▶ _Provided entries_

· · ·

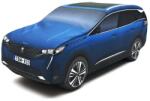 HU Peugeot 3008 Plüss Jármű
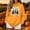 Orange, variant on Ynynloco Women’s Fall Halloween Hoodies Sweatshirt Slouchy Casual Long Sleeve Pullover Tops with Pocket for Thanksgiving Present Gift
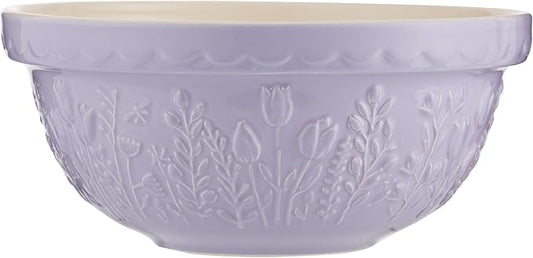 Mason Cash In The Meadow S24 Tulip Mixing Bowl, 9.5”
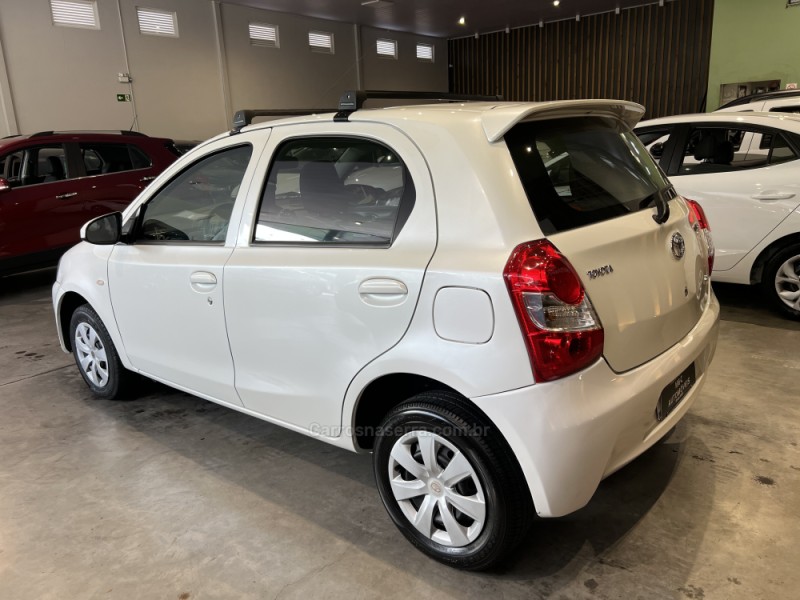 ETIOS 1.3 X 16V FLEX 4P MANUAL - 2016 - CAXIAS DO SUL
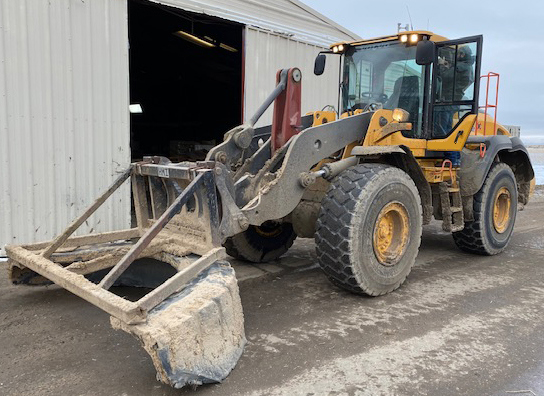 2017 Volvo L110H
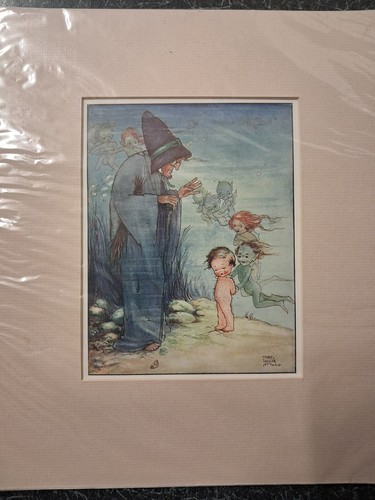 Vintage print mabel lucie - mabel,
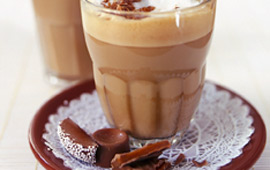 Pralinlatte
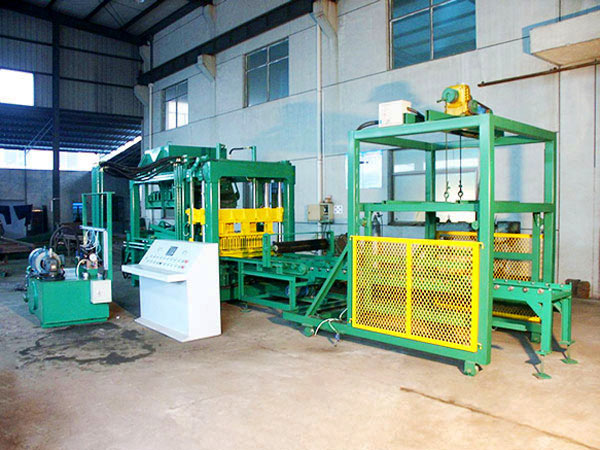 ABM-6S hollow block machine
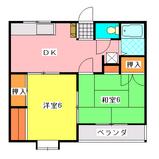 細谷ハイム間取り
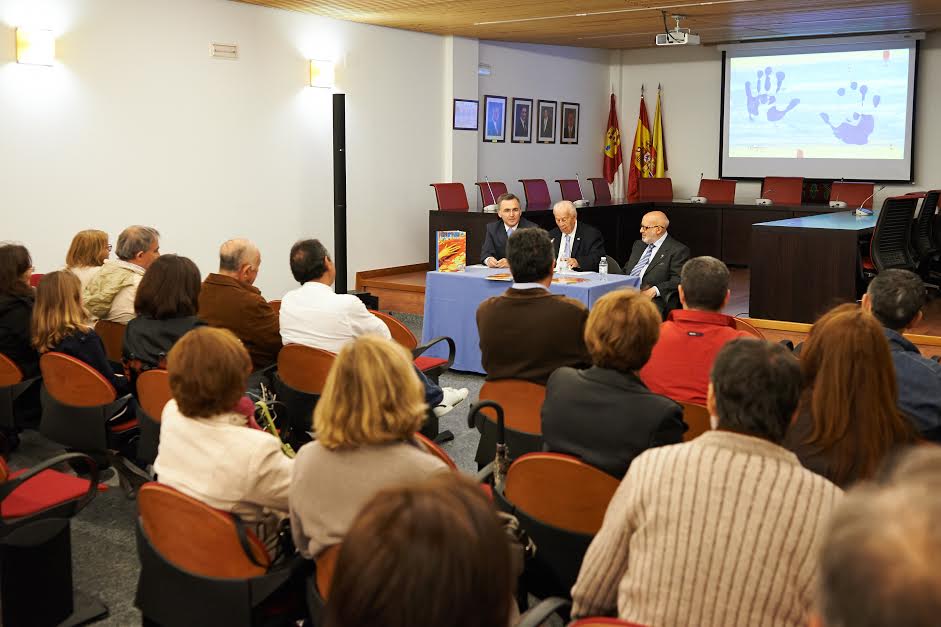 Presentación del libro Las manos del Greco» en Bargas.»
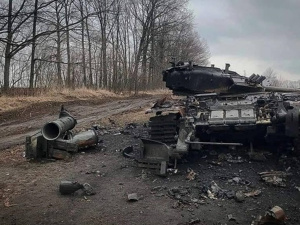 ЗСУ знищили ворожий танк під Авдіївкою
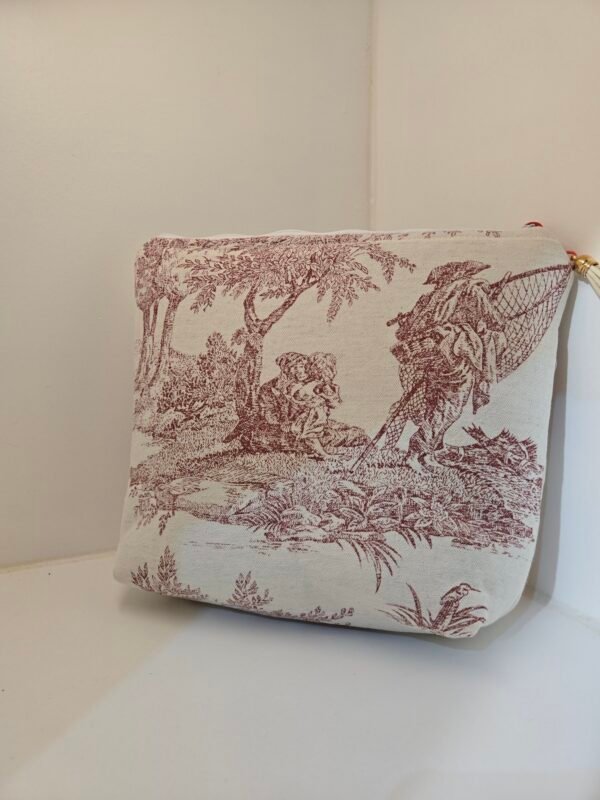 Trousse de toilette toile de JOUY – Image 3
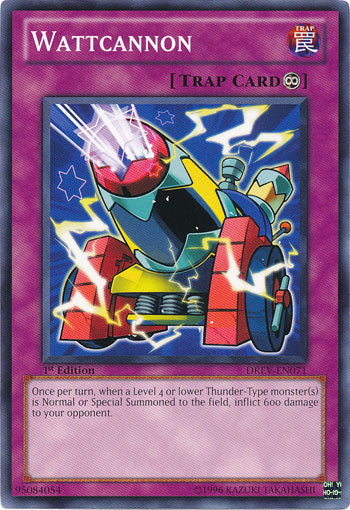 Wattcannon [DREV-EN071] Common - Evolution TCG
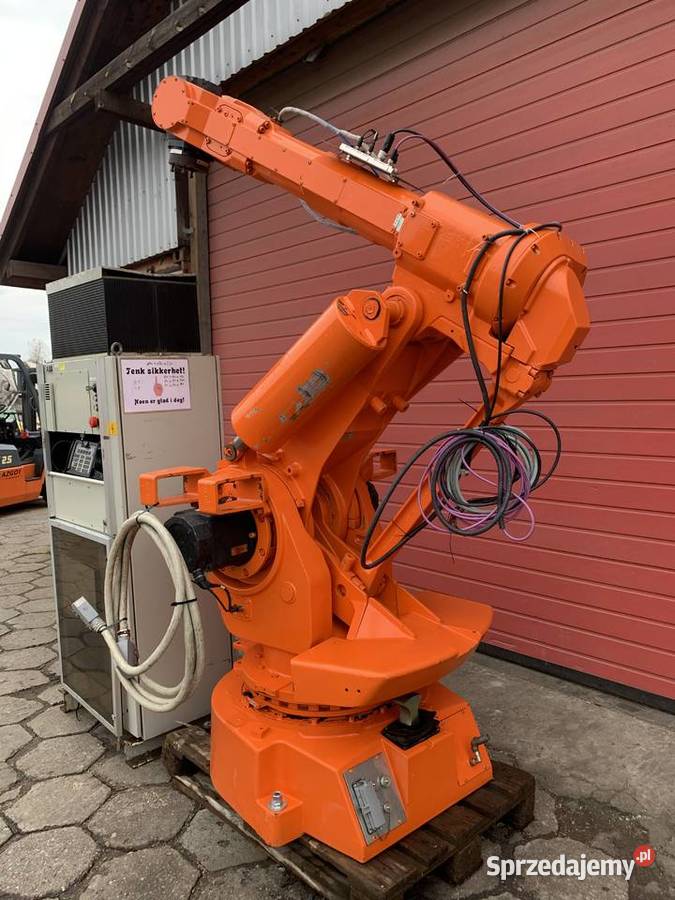 Robot Fanuc ABB IRB 6000 do maszyny przemysłowej Pozostałe Wejherowo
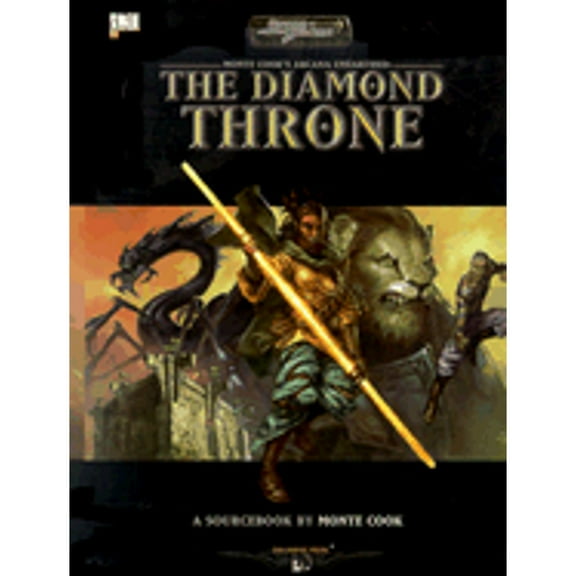 Pre-Owned Arcana Unearthed: Diamond Throne (Paperback) by Monte Cook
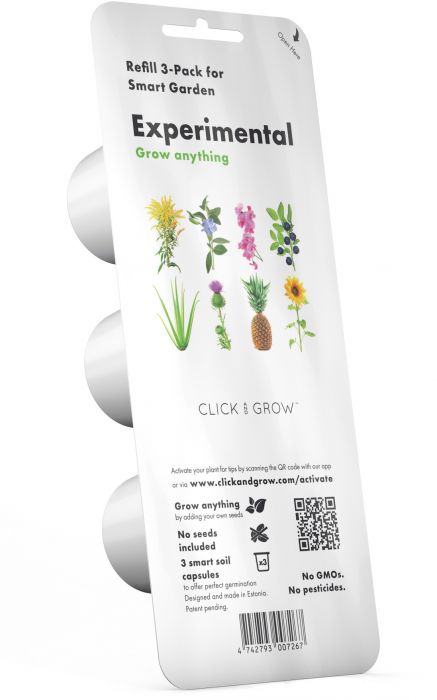 Click & Grow Smart Garden refill Grow Anything 3tk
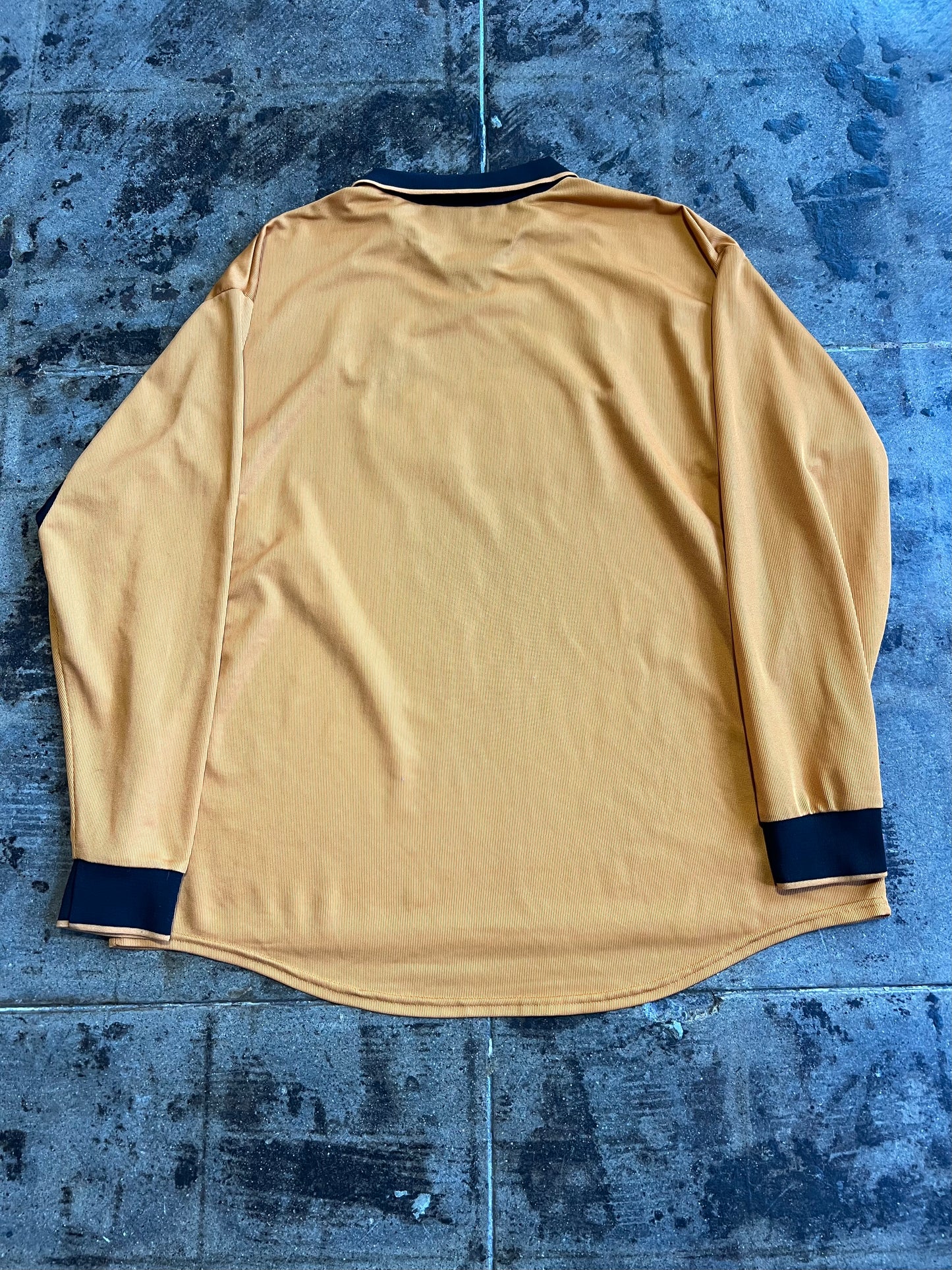 02/04 ADMIRAL WOLVERHAMTON WANDERES HOME L/S JERSEY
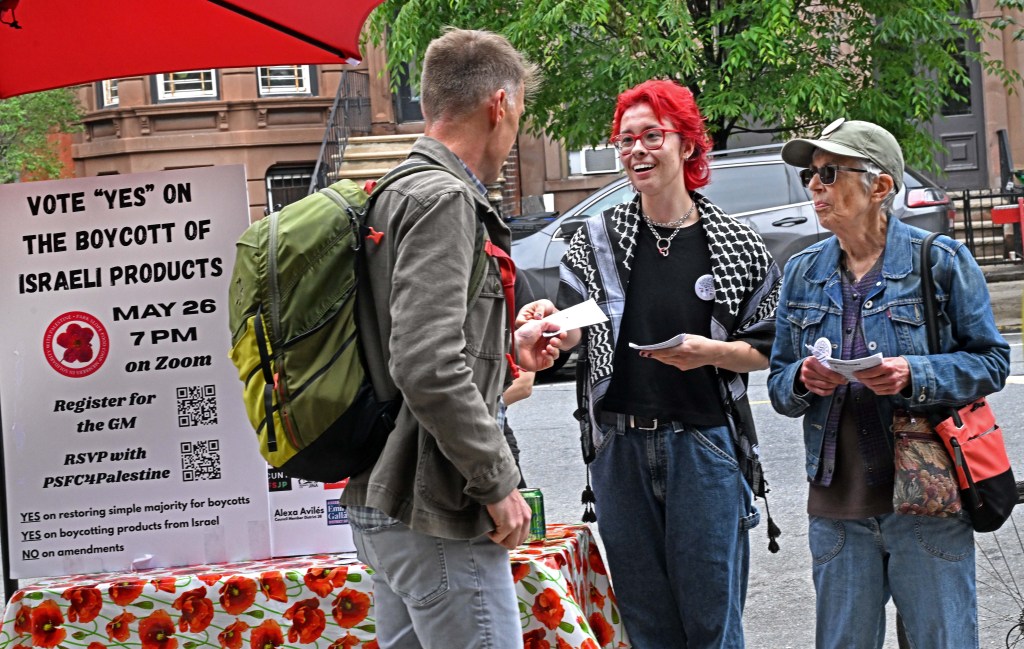 Fight over Park Slope Coop Israel boycott has Jewish members fearing ...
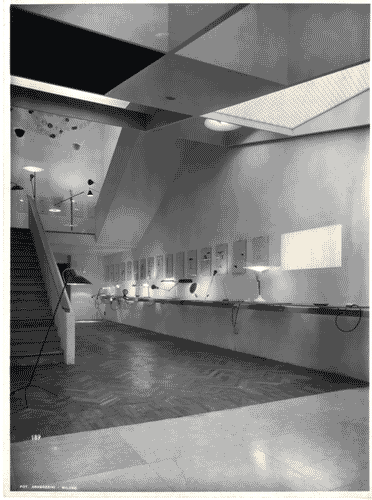 Image for IX Triennale - Sezione della Illuminazione - Achille, Pier Giacomo e Livio Castiglioni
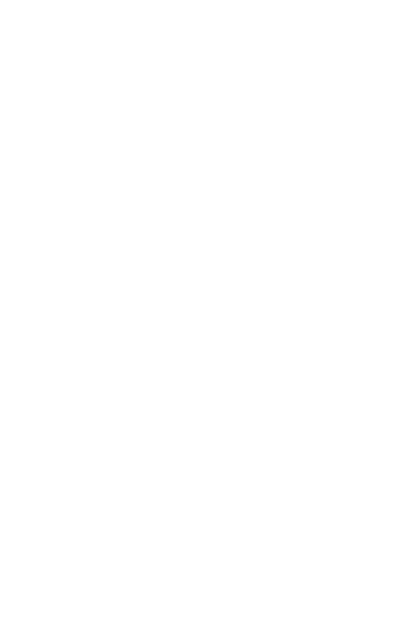 White cocktail glass icon with a straw on a black background.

· · ·

▶ _Task directions_
With pictures excluded, the data must be transcribed in full and to the letter.

▶ _Written answer_
 HU Peugeot 3008 Plüss Jármű
 Orange, variant on Ynynloco Women’s Fall Halloween Hoodies Sweatshirt Slouchy Casual Long Sleeve Pullover Tops with Pocket for Thanksgiving Present Gift
 Mason Cash In The Meadow S24 Tulip Mixing Bowl, 9.5”
 ETIOS 1.3 X 16V FLEX 4P MANUAL - 2016 - CAXIAS DO SUL
 2017 Volvo L110H
 Vintage print mabel lucie - mabel,
 Pralinlatte
 ABM-6S hollow block machine
 細谷ハイム間取り
 Presentación del libro Las manos del Greco» en Bargas.»
 ЗСУ знищили ворожий танк під Авдіївкою
 Trousse de toilette toile de JOUY – Image 3
 Wattcannon [DREV-EN071] Common - Evolution TCG
 Robot Fanuc ABB IRB 6000 do maszyny przemysłowej Pozostałe Wejherowo
 Pre-Owned Arcana Unearthed: Diamond Throne (Paperback) by Monte Cook
 Click & Grow Smart Garden refill Grow Anything 3tk
 02/04 ADMIRAL WOLVERHAMTON WANDERES HOME L/S JERSEY
 Fight over Park Slope Coop Israel boycott has Jewish members fearing ...
 Image for IX Triennale - Sezione della Illuminazione - Achille, Pier Giacomo e Livio Castiglioni
 White cocktail glass icon with a straw on a black background.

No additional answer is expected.